◆ **TASK ITEM**: Without its pictures, the listing below is to be transcribed exactly.

◆ **DATASET SECTION**:

******************************

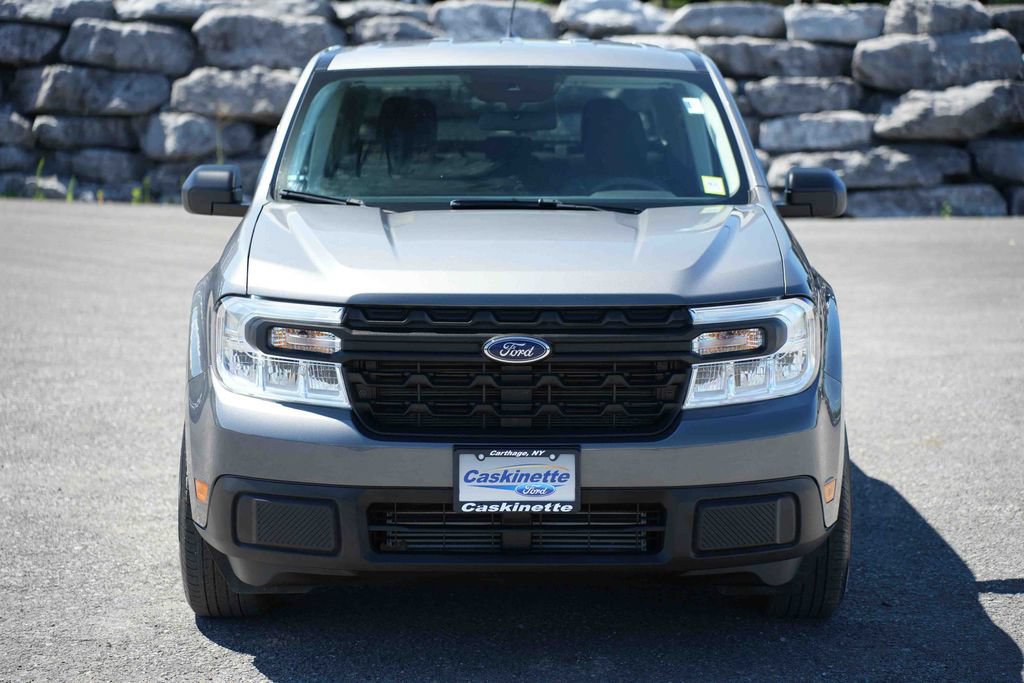 Used 2023 Ford Maverick XL FWD image 2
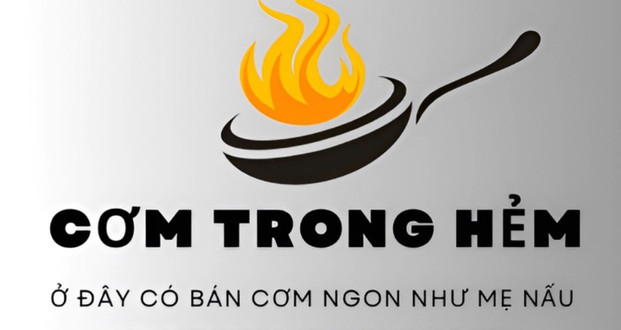 Cơm Trong Hẻm - Cơm Chiên, Mỳ Xào & Miến Xào Bò - Cách Mạng Tháng 8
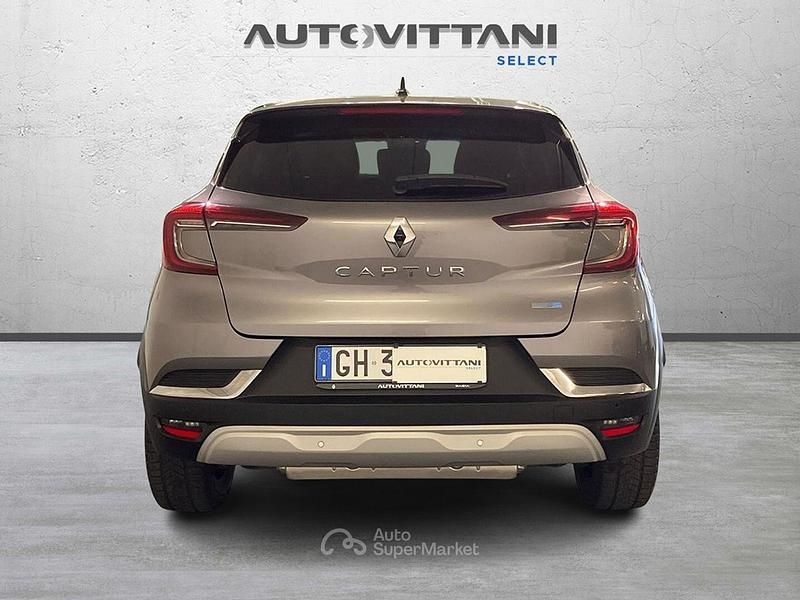 Usata Renault Captur Intens 92 CV (67 kW) 2022 Gray SUV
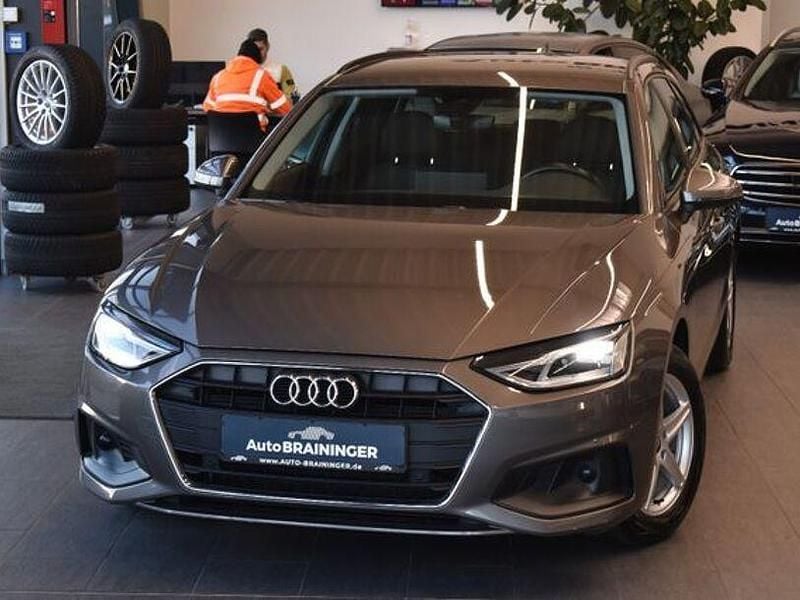 Grau Gebraucht 2021 Audi A4 Business Kombi | 19.850 € (Guter Preis) - Bild 1/4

******************************

◆ **EXPECTED ANSWER**:
 Used 2023 Ford Maverick XL FWD image 2
 Cơm Trong Hẻm - Cơm Chiên, Mỳ Xào & Miến Xào Bò - Cách Mạng Tháng 8
 Usata Renault Captur Intens 92 CV (67 kW) 2022 Gray SUV
 Grau Gebraucht 2021 Audi A4 Business Kombi | 19.850 € (Guter Preis) - Bild 1/4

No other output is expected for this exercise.